Les inquiétudes reposent sur l’application du mécanisme d’ajustement carbone aux frontières (MACF, ou CBAM en anglais). Cette mesure, qui a été votée lors de la précédente mandature du Parlement européen, se met en place petit à petit. Le point sur ce sujet technique.

Qu’est-ce que le MACF ?

Le MACF a instauré des mesures pour les industries fortement émettrices de gaz à effet de serre (acier, ciment… mais aussi engrais). Elles doivent ainsi payer des crédits carbone sur le marché obligatoire (1). Jusqu’alors, par une mesure transitoire, ces crédits étaient gratuits. Ce ne sera plus le cas à partir du 1er janvier 2026.

« Une usine européenne qui paye des crédits carbone se retrouve en concurrence déloyale vis-à-vis de l’extérieur de l’Union », explique Cédric Benoist, secrétaire général adjoint de l’AGPB en charge des dossiers européens. Et pour compenser cela, l’Union a imaginé une barrière douanière qu’elle veut appliquer aux produits importés.

+ 120 €/t de solution azotée, + 144 €/t d’urée

L’implémentation de cette taxe représenterait un surplus de 120 €/t de solution azotée (actuellement autour de 350 €/t) et de 144 €/t d’urée (actuellement autour de 450 €/t) selon le syndicat, qui s’est basé sur le calculateur proposé par l’autorité compétente française. « C’est ingérable pour les agriculteurs », commente Sylvain Lhermitte, responsable Europe et filières à l’AGPB.

Le MACF « serait juste si nous étions autosuffisants en engrais, mais ce n’est pas le cas », estime Cédric Benoist. L’Europe, qui ne produit que de l’ammonitrate sur son territoire, importe de la solution azotée et de l’urée. Selon l’AGPB, au moins 43 % des engrais consommés par les agriculteurs français sont importés depuis des pays tiers. « Pour nous c’est un sujet de la plus haute importance », appuie-t-il.

Arrêt des importations ?

« Les importateurs nous alertent en nous disant que si cela s’applique, ils arrêtent d’importer des engrais », informe Cédric Benoist.

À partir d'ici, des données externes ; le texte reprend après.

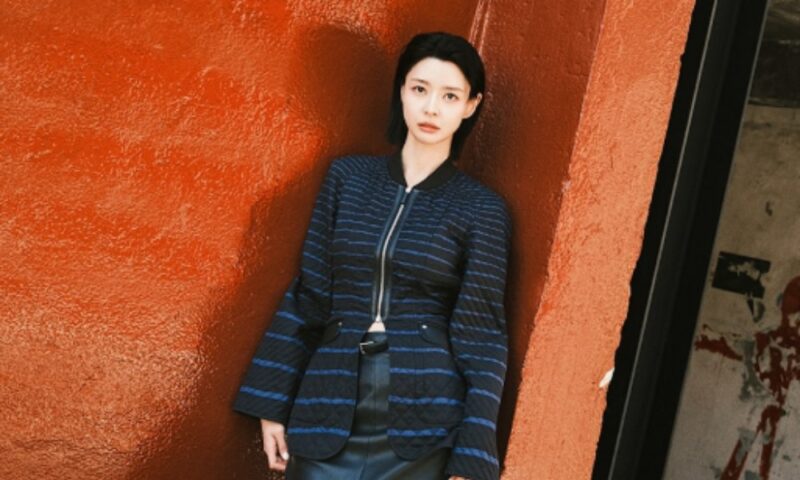 「骨ガリ」クォン・ナラ、「王骨盤」から消滅レベルの小顔…非現実的なプロポーション披露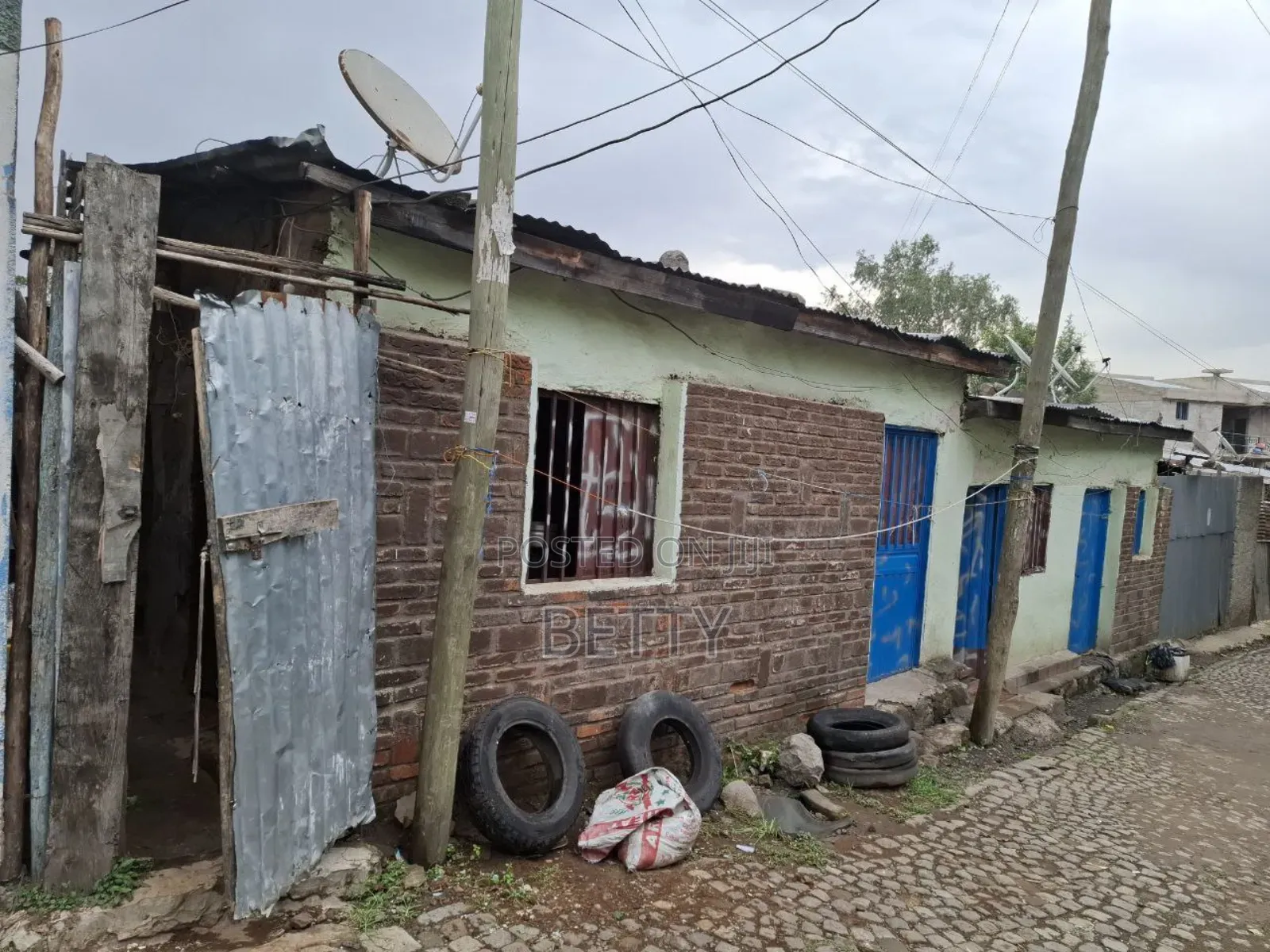 2bdrm House in Akaky Kaliti for sale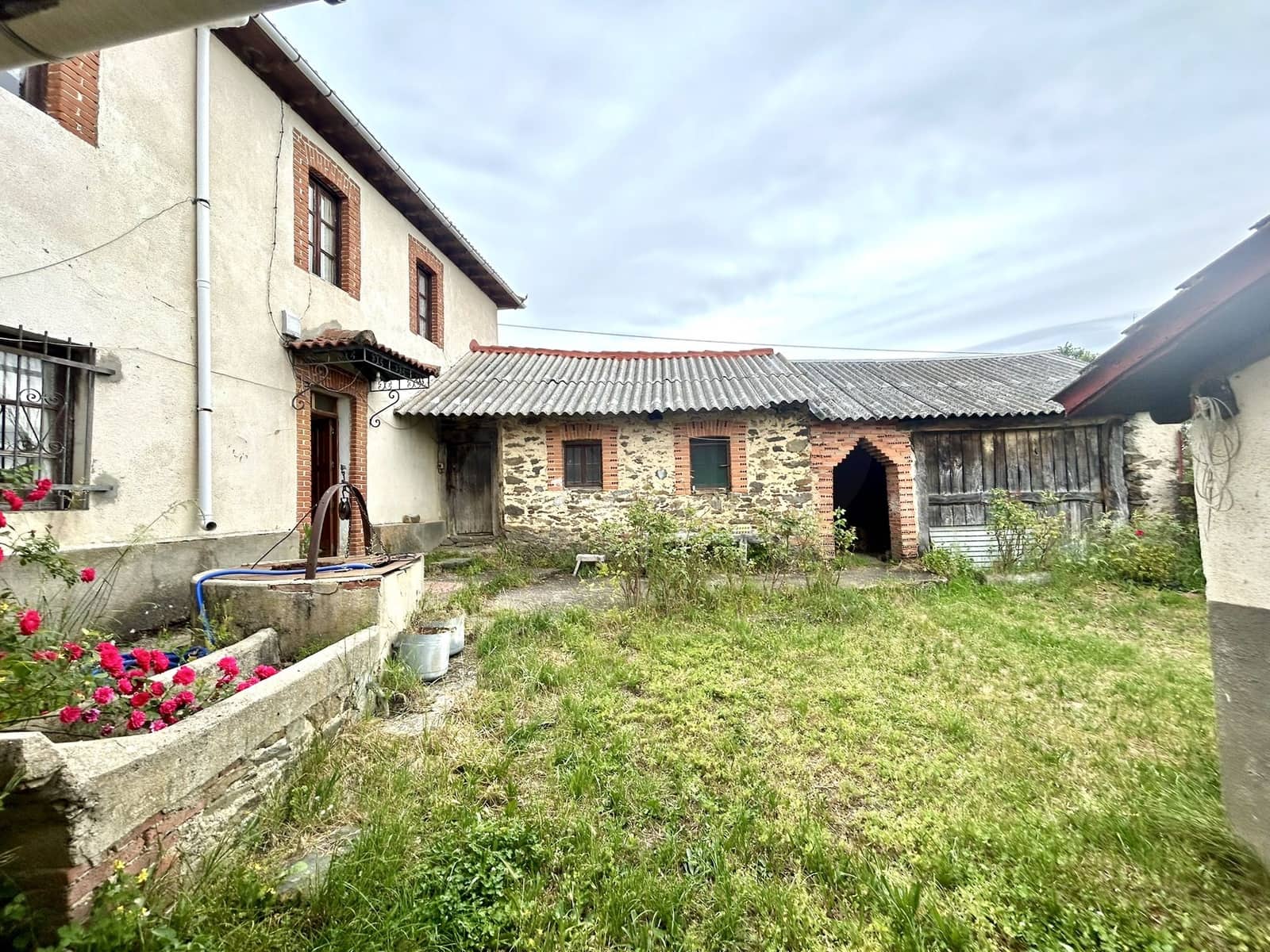 4 chambre Finca/Maison de Campagne à vendre à Riello avec garage - 86 000 € (Ref: 9997837)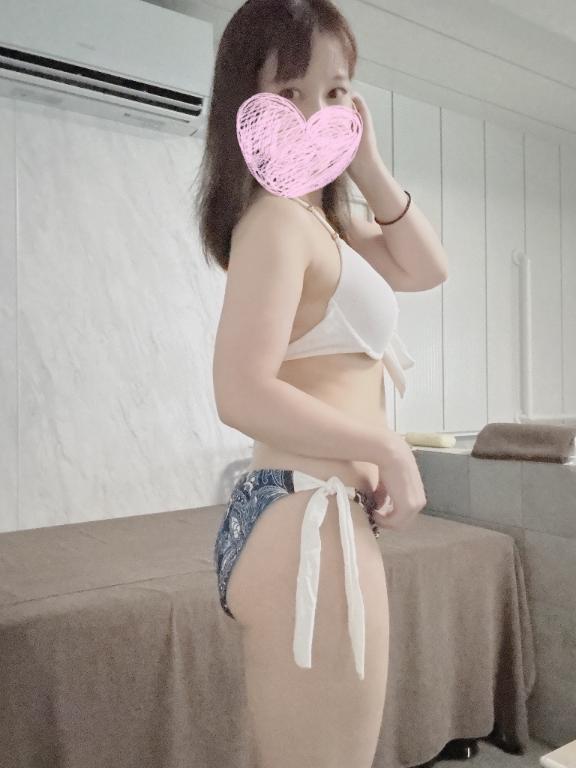 水着<img class="emojione" alt="👙" title=":bikini:" src="https://fuzoku.jp/assets/img/emojione/1f459.png"/>追加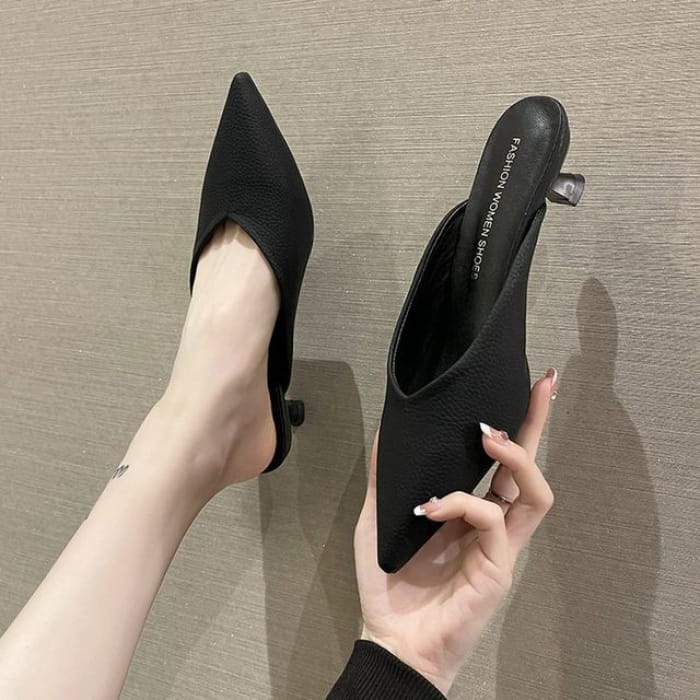 Low Heel Pointy Mules - Black / 35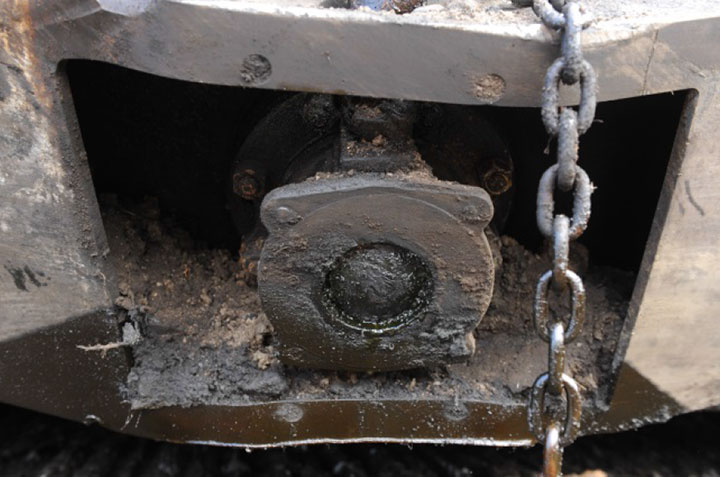 Image of Tank car TILX 316533, close up of BOV, as decribed in text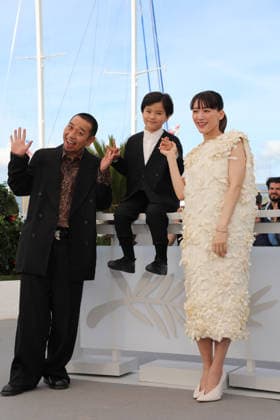 Sheep In The Box photocall at Cannes Film Festival CANNES, FRANCE - MAY 17: Daigo Yamamoto, Rimu Kuwaki, Haruka Ayase, and Director Hirokazu Koreeda at the Sheep In The Box photocall at the 79th Festival de Cannes: at the Sheep In The Box photocall at the 79th Festival de Cannes CAP SAT Satomi Kokubun Cannes - France Copyright: xSatomixKokubun CapitalxPicturesx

Ils se verraient en effet appliquer des contraintes jugées trop importantes : obligation de déclaration d’informations que les entreprises mondiales ne devraient fournir qu’à l’Europe, et prix définitif de la marchandise connu plusieurs mois après la commande notamment, car la taxe dépend du coût du carbone.

Finalement, « cela risque d’isoler le marché de l’approvisionnement européen, qui serait uniquement à la main des producteurs européens », regrette Cédric Benoist. Selon l’AGPB, les fabricants européens ne pourront pas suppléer au manque de volume que la situation générerait. Et c’est aussi sans compter que les différentes formes d’azote n’ont pas les mêmes usages.

L’AGPB demande une suspension de la mesure pour le secteur des engrais, ou des mesures de compensation. Le syndicat dénonce par ailleurs une paralysie des travaux promis autour de la souveraineté en engrais au niveau français et européen.

(1) Un marché décorrélé du marché volontaire des crédits carbones agricoles, qui se négocient de gré à gré.